▶ **Exercise requirements**
Starting at the line that contains "Deficitcsökkentés: a miniszterelnök", reproduce every line through the end of the entries below, with no pictures in the copy.

▶ **Recorded data**

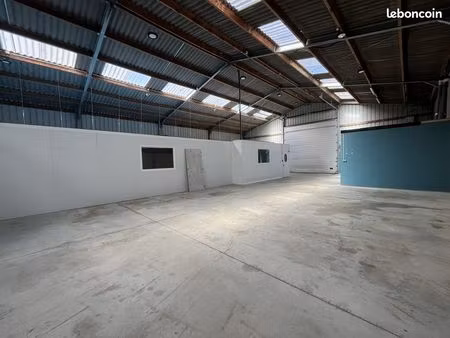 local 450 m² camon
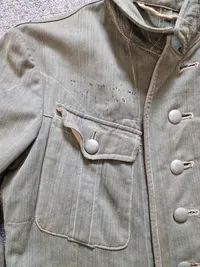 Original Wehrmacht Heer leichte M43 Drillich-Feldbluse für Mannschaften med rest af påsyet ørn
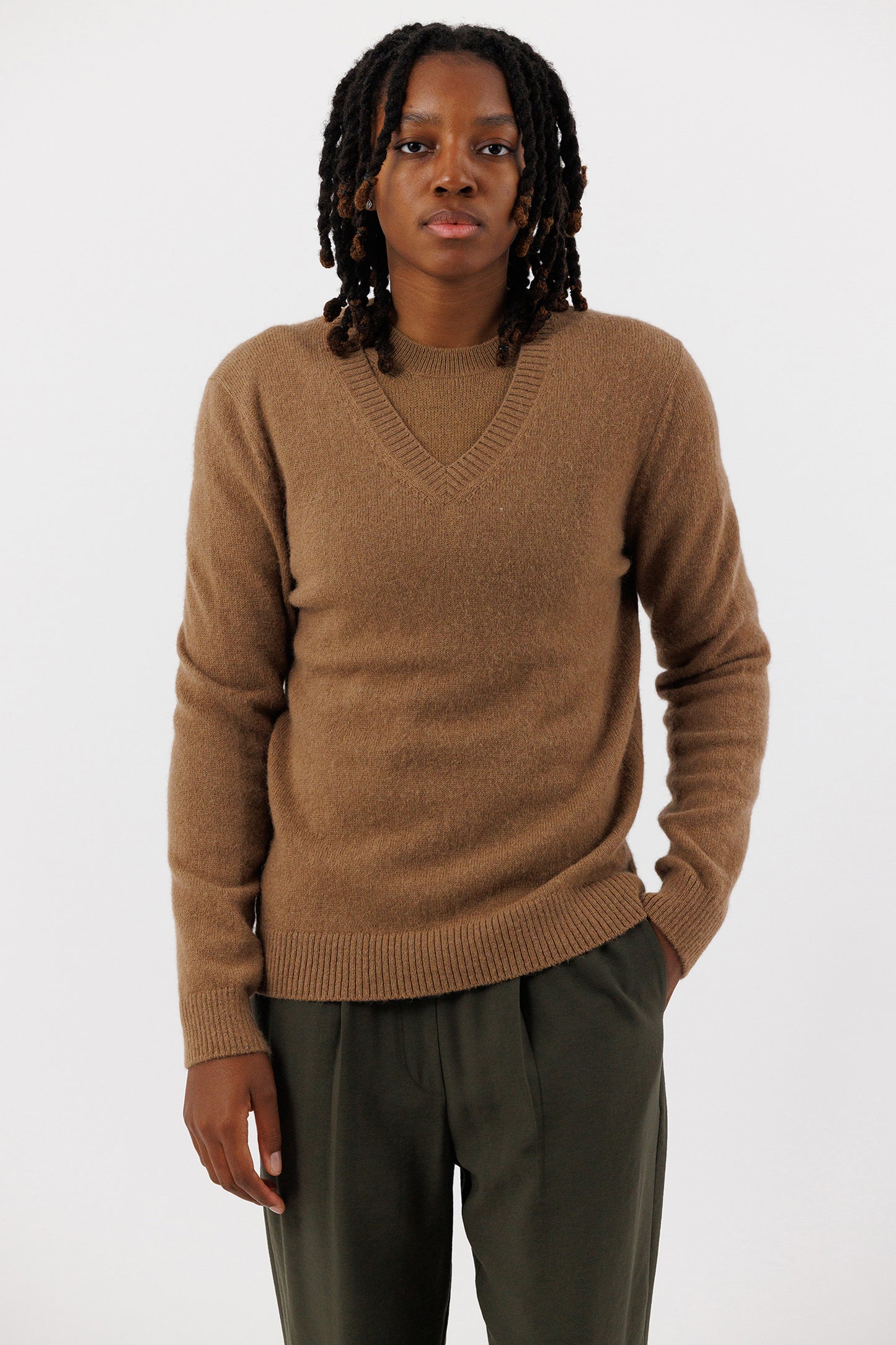V NECK SWEATER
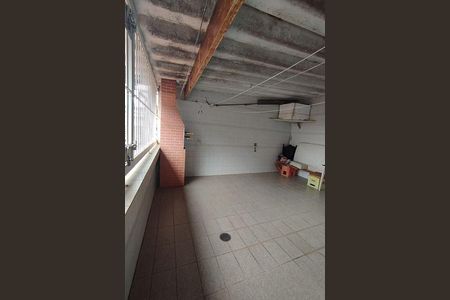 Casa à venda com 108m², 3 quartos e 2 vagas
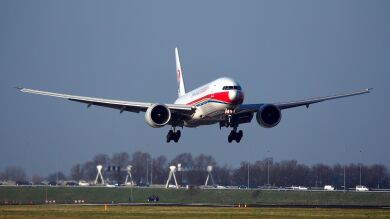 Aviones aterrizando en tormentas: la explosiva tendencia de YouTube
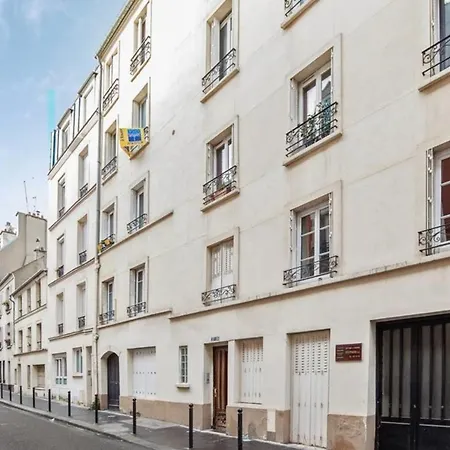 Apartment Charming And Colorful In Batignolles *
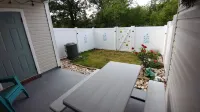 Beachy Style Home and Cozy . No Pet Fee, 6 Guests
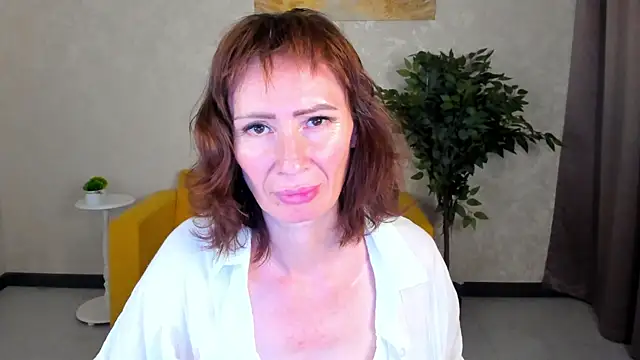gracekellyyy online show from 06-11-26, 04:05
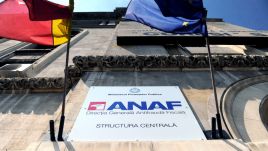 Deficitcsökkentés: a miniszterelnök leváltotta az országos adóhatóság elnökét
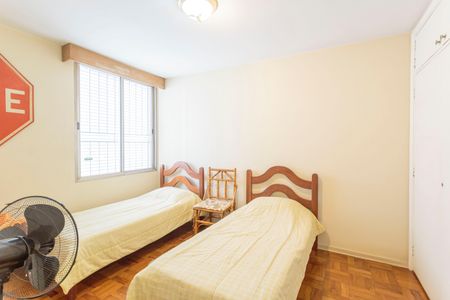 Apartamento para alugar com 128m², 3 quartos e 2 vagasQuarto 2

▶ **Response for this exercise**
 Deficitcsökkentés: a miniszterelnök leváltotta az országos adóhatóság elnökét
 Apartamento para alugar com 128m², 3 quartos e 2 vagasQuarto 2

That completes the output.